Accordingly, the demurrer to Count I is granted, and Count I is dismissed.

In Bowman v. State Bank of Keysville, 229 Va. 534, 539-40, 331 S.E.2d 797 (1985), the Supreme Court of Virginia established a narrow exception to the employment at will rule and held an employer liable in tort for the discharge of two stockholder employees who had exercised their statutory right to vote their corporate stock. As noted in Miller v. SEVAMP, Inc., 234 Va. 462, 467-468, 362 S.E.2d 915 (1987), Bowman “fell far short of recognizing a generalized cause of action for the tort of “retaliatory discharge.” The Court in Miller v. SEVAMP, Inc., further stated:

Bowman recognized an exception to the employment-at-will doctrine limited to discharges which violate the public policy, that is, the policy underlying existing laws designed to protect property rights, personal freedoms, health, safety, or welfare of people in general.... The exception we recognized was not so broad as to make actionable those discharges of at-will employees which violate only private rights or interest. 234 Va. at 468.

Other courts and commentators have generally construed Bowman to have established a cause of action which is an exception to the employment-at-will doctrine which is “triggered only when the discharge is in response to the employee’s refusal to commit an unlawful act or the employee’s exercise of a statutory right.” Haigh v. *504Matsushita Elec. Corp. of America, 676 F. Supp. 1332 (E.D. Va. 1987).

In the instant case, the specific allegations of Count II do not allege that the Plaintiff was discharged either in the exercise of a statutory right or the refusal to commit an unlawful act. Page 4 of the Motion for Judgment lists five complaints that the Plaintiff made to the Center Administrator.

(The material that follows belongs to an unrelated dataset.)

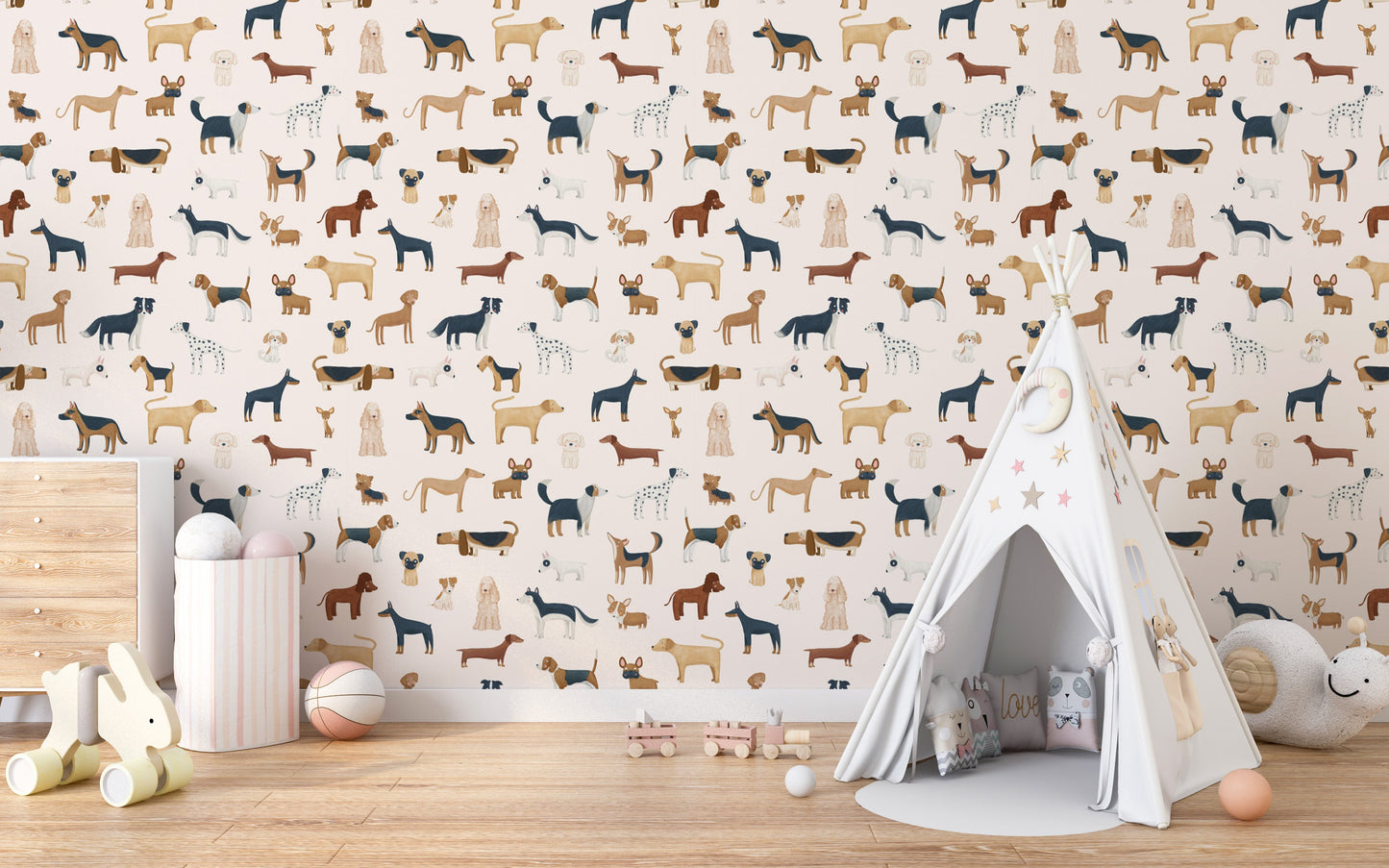 Playful nursery dog-themed wall decor option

None of these rise to the “exercise of a statutory right,” and none of these could be construed as the refusal to perform an unlawful act.

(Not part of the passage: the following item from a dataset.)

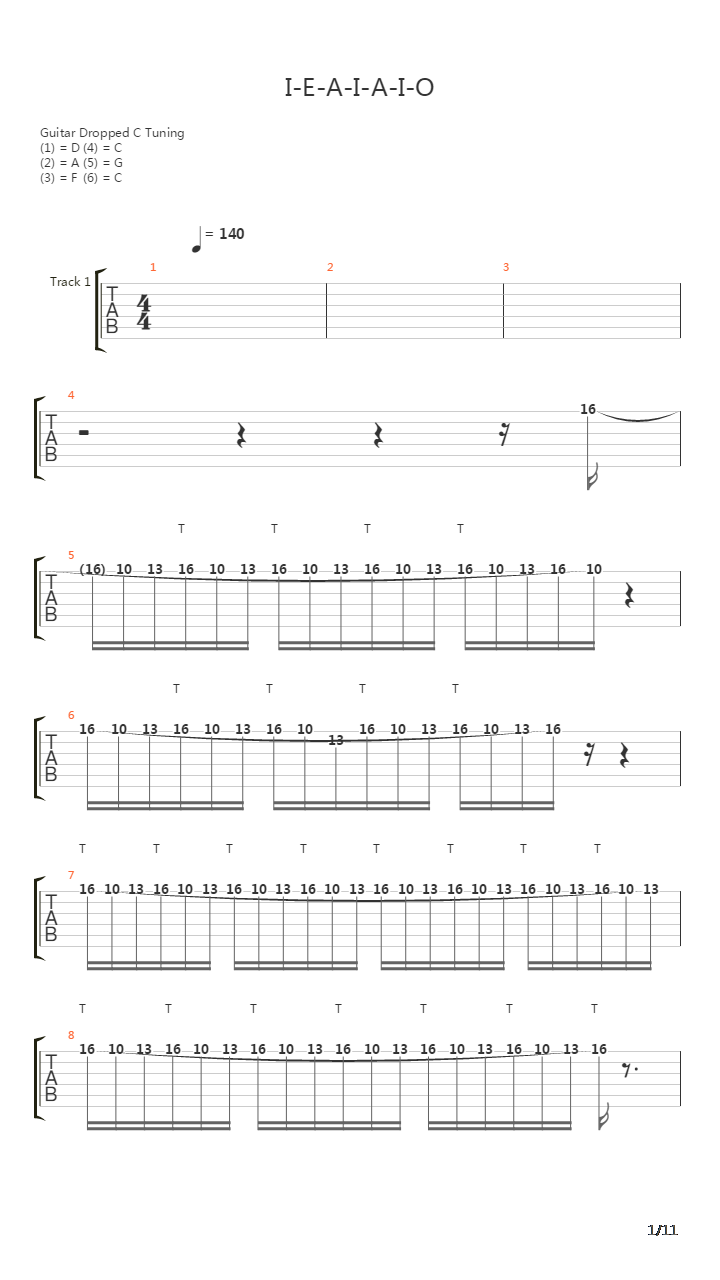 I-e-a-i-a-i-o吉他谱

In its memorandum in response to the demurrer, the Plaintiff lists several general statutes and regulations that may impose a duty on the operator of health care facilities such as that of the Plaintiff. Nonetheless, even though some of the matters of which the Plaintiff complained to her supervisor may come within the general scope of the statute or regulation, they do not rise to the level of the exercise of a statutory right by the Plaintiff. Accordingly, the demurrer is sustained as to Count II, and Count II is dismissed.